Records for this task:
§
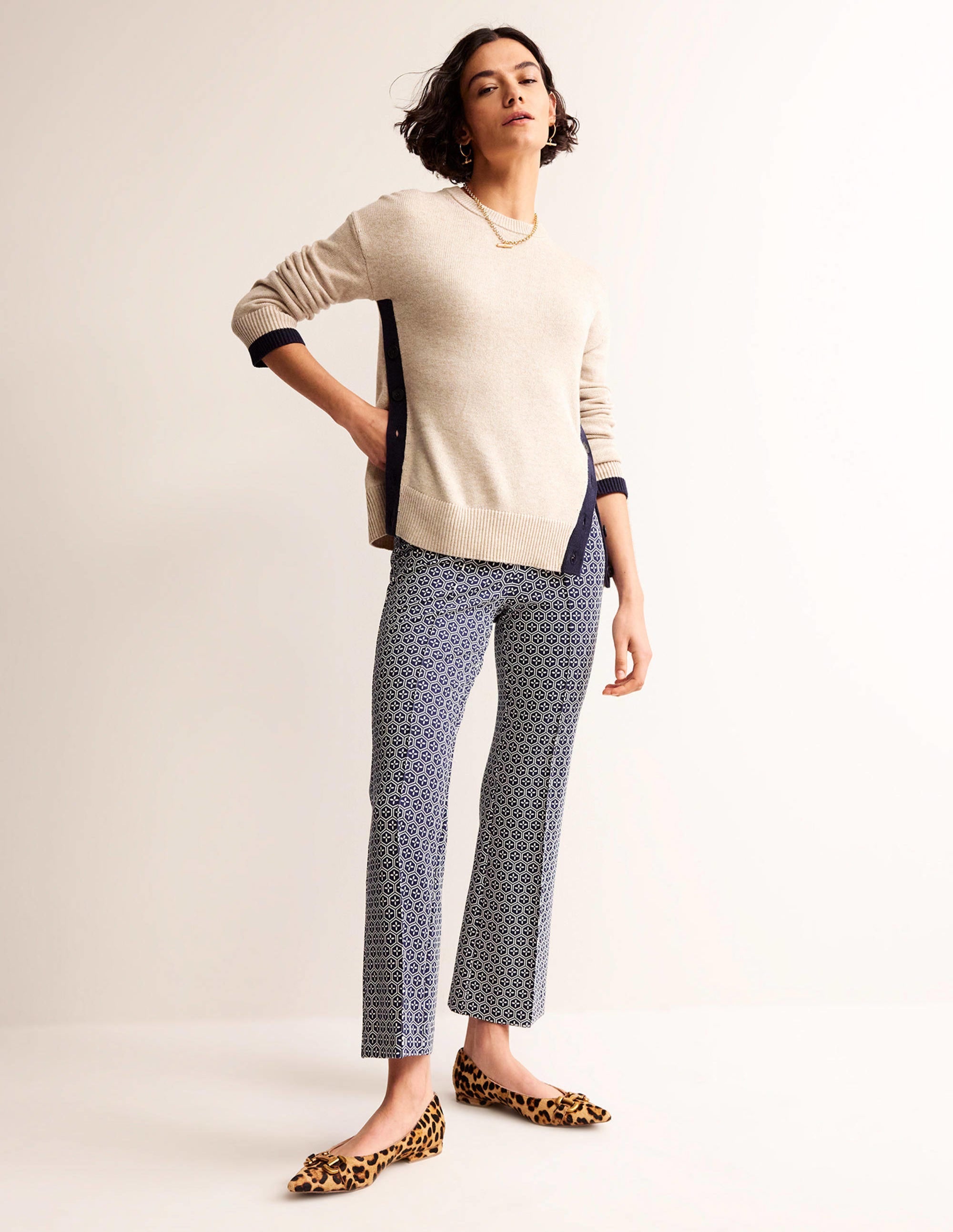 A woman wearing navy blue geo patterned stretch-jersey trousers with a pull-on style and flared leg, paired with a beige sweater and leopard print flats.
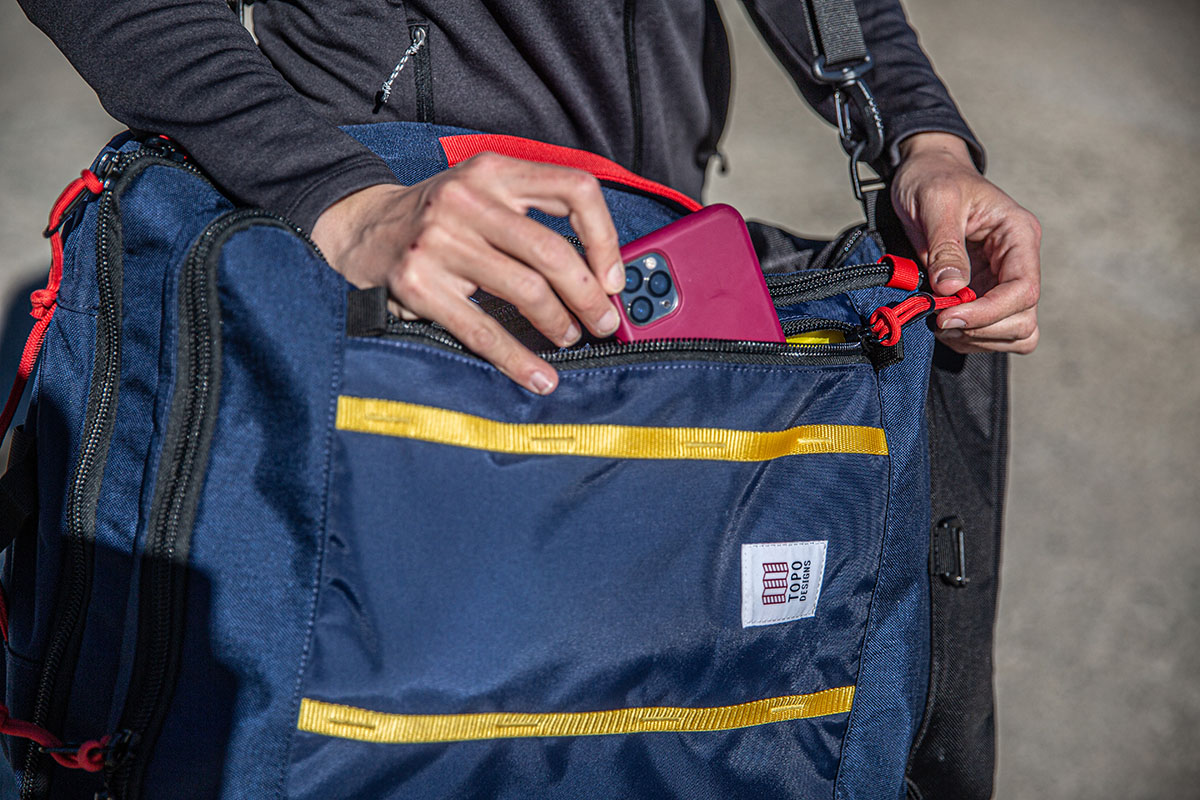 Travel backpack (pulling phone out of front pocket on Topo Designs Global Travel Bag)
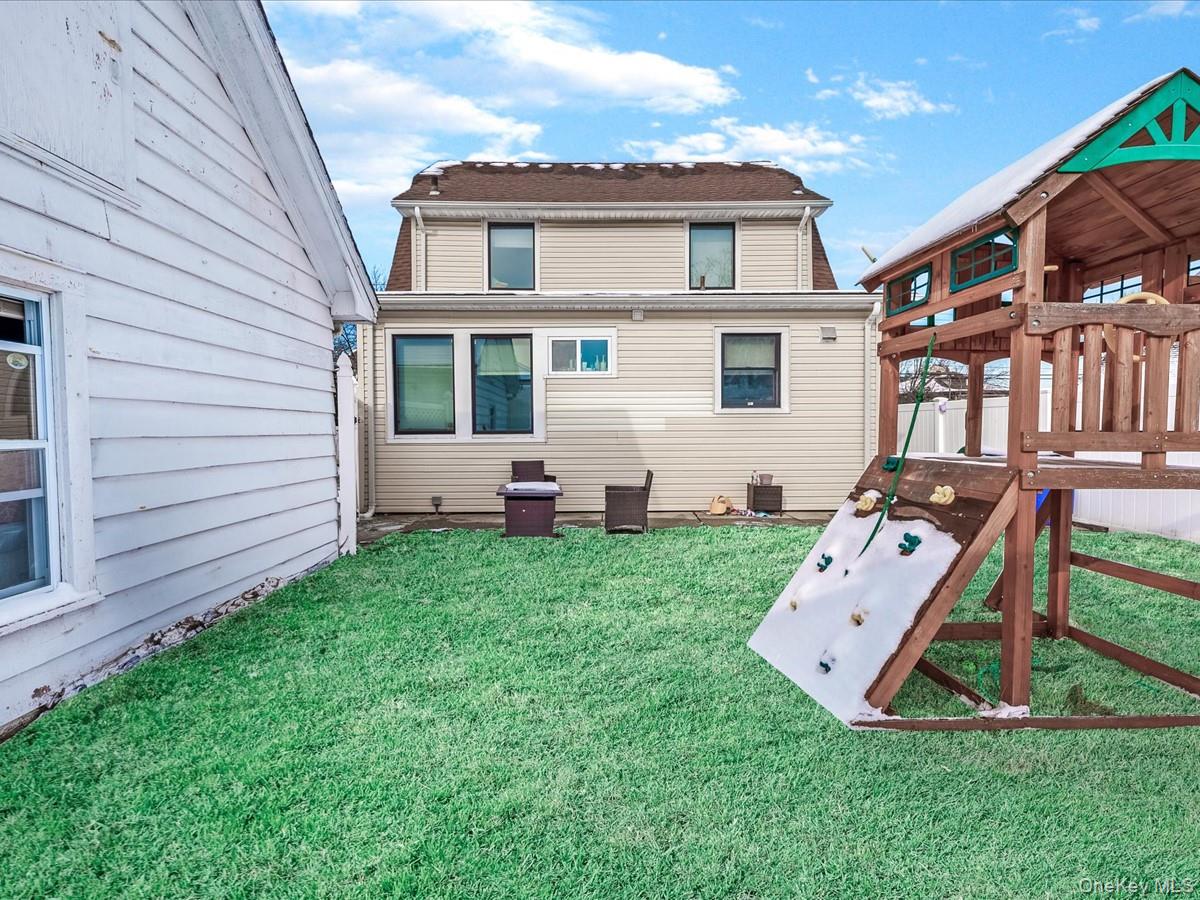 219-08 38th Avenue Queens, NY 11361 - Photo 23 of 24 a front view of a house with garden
§
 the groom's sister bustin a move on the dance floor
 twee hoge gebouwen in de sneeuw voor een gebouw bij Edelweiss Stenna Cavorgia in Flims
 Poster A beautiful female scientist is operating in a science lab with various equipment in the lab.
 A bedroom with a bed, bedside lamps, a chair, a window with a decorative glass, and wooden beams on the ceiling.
§
Out of the listing above, reproduce exactly the lines from the one with "the groom's sister" up to and including the one with "A bedroom with".

 the groom's sister bustin a move on the dance floor
 twee hoge gebouwen in de sneeuw voor een gebouw bij Edelweiss Stenna Cavorgia in Flims
 Poster A beautiful female scientist is operating in a science lab with various equipment in the lab.
 A bedroom with a bed, bedside lamps, a chair, a window with a decorative glass, and wooden beams on the ceiling.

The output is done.